A bill to protect free speech on college campuses, introduced Thursday in Tennessee’s state House, was informally named in honor of Breitbart News editor Milo Yiannopoulos, who has sparked waves of student protests over his offensive remarks.
The Milo Bill would require the state’s public universities to adopt policies giving students “the broadest possible latitude” to engage in “expressive activity.”
“Campus free speech is being challenged by restrictive speech codes; speaker bans and disinvites; ... safe spaces and trigger warnings; and administrators who feel pressured to placate demonstrators,” state Rep. Martin Daniel (R), the bill’s sponsor, warned at a press conference.
Under the proposed legislation, officially titled the Tennessee Student Freedom Expression Act, the new college policies may not “shield individuals from ideas and opinions considered unwelcome, disagreeable, or even deeply offensive.” They must promote mutual respect and civility, but not use those concerns as “a justification for closing off the discussion of ideas no matter how offensive or disagreeable.”
In an apparent nod to the controversy over Yiannopoulos, the bill requires that public universities “be open to any speaker whom students, student groups, or members of the faculty have invited.”
State Sen. Joey Hensley (R) suggested that the legislation was particularly necessary to protect students with conservative views.
“Too many times we’ve seen classrooms where the professor doesn’t want to hear both sides of an issue,” Hensley said. “We’ve heard stories from many students who are honestly on the conservative side, who have those issues stifled in the classroom.”
But state Sen. Jeff Yarbro (D) dismissed the bill as “silly” in a statement emailed to HuffPost.
“The First Amendment isn’t under attack on Tennessee campuses,” Yarbro said. “The sponsors should try focusing on real issues, instead of bringing silly legislation to suck up to Breitbart.”
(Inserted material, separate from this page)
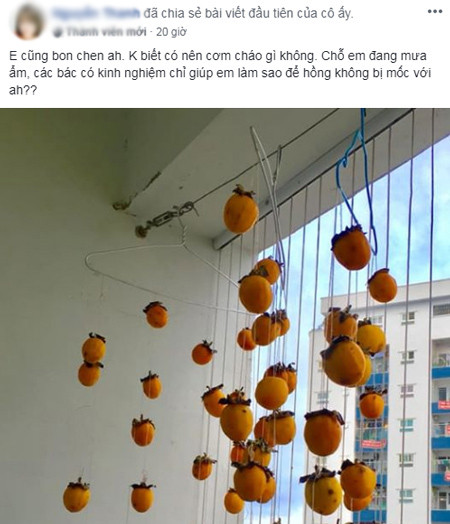 Trên nhiều hội nhóm, các chị em thi nhau khoe ảnh "hồng treo gió". Giá hồng đợt này khá rẻ, dao động từ 20.000 - 35.000 đồng tùy loại nên mọi người mua nhiều về treo khô để ăn dần. Khác với cho vào lò sấy, treo hồng dưới nắng và gió sẽ giúp quả hồng ngon hơn, bên ngoài dai dai, giòn giòn, trong vẫn đượm mật ngọt. Trên nhiều hội nhóm, các chị em thi nhau khoe ảnh hồng treo gió. Giá hồng đợt này khá rẻ, dao động từ 20.000 - 40.000 tùy loại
Yiannopoulos has made a career out of trolling liberals, including writing an article titled “Birth Control Makes Women Unattractive and Crazy,” describing transgender individuals as mentally ill and calling Black Lives Matter a hate group. He has gained publicity for acts like directing a flood of racist and harassing comments at “Saturday Night Live” actress Leslie Jones on Twitter, which got him banned from the social media site. Yiannopoulos styles himself as a free speech advocate.
His “Dangerous Faggot” tour appearances on college campuses have been met with protest, violence and cancellations. A scheduled speech at the University of California, Berkeley, last week was called off by school officials after some protesters turned violent and police put the campus on lockdown.
A statement from the Berkeley College Republicans, who had invited Yiannopoulos, said the group’s right to free speech “was silenced by criminals and thugs.” President Donald Trump also weighed in, threatening to pull federal funding from the school.
“We don’t want this happening in Tennessee, what happened in California,” Hensley said Thursday.
The Tennessee bill requires that the proposed speech policy be communicated to students at least once each semester. If students think a public university has violated the policy, the legislation gives them the right to file complaints or petition for relief in local courts.
A spokeswoman for the University of Tennessee system pushed back on the idea that speech is being stifled on its campuses. “The University has a long and established record of vigorously defending and upholding all students’ right to free speech,” spokeswoman Gina Stafford said in an email.
Daniel proposed similar legislation last year, according to CBS affiliate WVLT, but pulled it after a critic noted that its speech protections could theoretically allow ISIS to recruit on campus.